Markets hope for softer inflation – Sterling Update


After last week’s sudden drop in the pound, with GBP/USD slipping from a top approaching 1.2500, to briefly testing support below 1.2000 earlier this week, the pound has stabilised over the latter part of the week, rising to 1.2200 at one point on Thursday. The broader pound has fared well, with GBP/EUR even managing to move above 1.1300 just yesterday. There has been a mixed bag of results amongst key UK housing price data, with the latest Halifax house price index implying a stabilisation of prices over the past month, which may be a reflection of softening yields at the long end of late, which has helped to reduce mortgage rates, albeit only marginally for now. However, ask surveyors and their latest measure of UK house prices tells a slightly different story, with the index actually deteriorating throughout January.

The latest UK growth figures have just been released this morning, and GDP declined by 0.5% over the past month, which was worse than the 0.3% drop estimated. However, it was not all bad news, as both Industrial and Manufacturing Production beat estimates, with the former increasing by 0.3% (-0.2% exp) and the latter flatlining (-0.2% exp). Total Business Investment also increased by nearly 5% over the past quarter (at4.8%), way ahead of the -1.9% expected.

Next week is a bumper one for UK data, with both consumer and producer price inflation set for release, coupled with the latest employment report and Retail Sales data, which collectively should give the BoE a much broader outlook on the shape of the UK economy, as they digest the impact (damage) of their cumulative rate hikes. As we have said before, the outlook on rates from the BoE looks uncertain, given a similar uncertain outlook for the UK economy. By way of example, the IMF think that the UK economy is likely to be the worst performing major economy amongst the major economies of the world this year, however, the National Institute for of Economic & Social Research (a think tank) will tell you that the UK economy is set to avoid slipping into a recession altogether. We always say that If you put twenty-four economists in a room, you will get at least thirty different opinions.

Back to the pound, and whilst sterling has bounced back with much aplomb throughout this week, the key inflation data is likely to set the tone for the pound’s fortunes through next week, as markets attempt to second-guess the BoE’s next move. On that note, the latest estimates call for a dip in headline inflation, with the chances of core inflation rising, given the lag effect on prices.

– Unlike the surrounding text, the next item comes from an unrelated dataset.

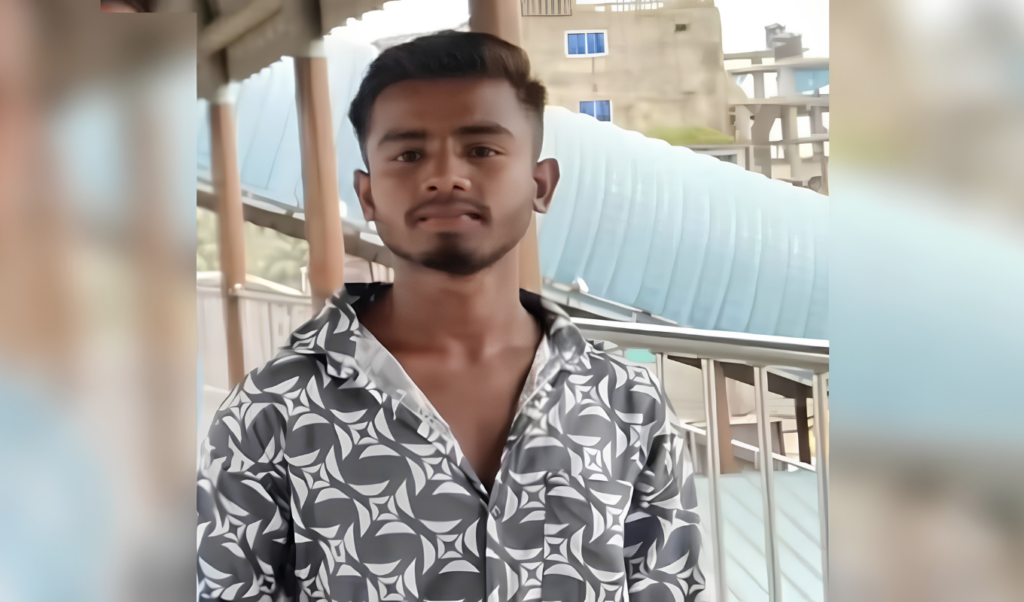 নিখোঁজের তিনদিন পর ফসলি জমিতে মিলল তরুণের ভাসমান লাশ নিখোঁজের তিনদিন পর ফসলি জমিতে মিলল তরুণের ভাসমান লাশ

A week can be a long time in markets. This time last week, EUR/USD was sunning itself above 1.1000, the ECB were going to be hawkish for longer on rates, boosted by a recovery in economic activity in the region, and all talk was everything Euro-dominated being an outperformer. The single currency has certainly lost its shine since then, with EUR/USD slipping back below 1.0700 earlier in the week, and whilst much of that move has been down to a stronger USD, the more cautious tone from the ECB, coupled with some softening amongst key Euro area data releases, have played their part in the reversal too.

Amongst the data, regional Retail Sales slipped through December by 2.7%, and whilst a decline had been expected, the figure was worse than had been estimated. Whilst the ongoing impact of high inflation has clearly impacted consumer demand, there is a light at the end of the tunnel, and this week’s German inflation reading reflected a further decline from 9.6 to 9.2% (YoY) for the key harmonised index of CPI. Whilst softer inflation may be good for a country, is does not initially feed through to a stronger currency, given that it reduces the probability of imminent rate hikes.

Looking ahead, next week will see the release of the latest regional growth and unemployment as well as Spanish inflation (January).  As for the single currency, well much still depends on the ECB. They have already stated on many occasions (including this week) that they intend to hike rates by 0.5% at their next meeting, however, beyond that they will be assessing the cumulative impact to the economy, before deciding on their next move. Were the ECB to signal a pause, then further gains might be a bit harder to come by for the single currency.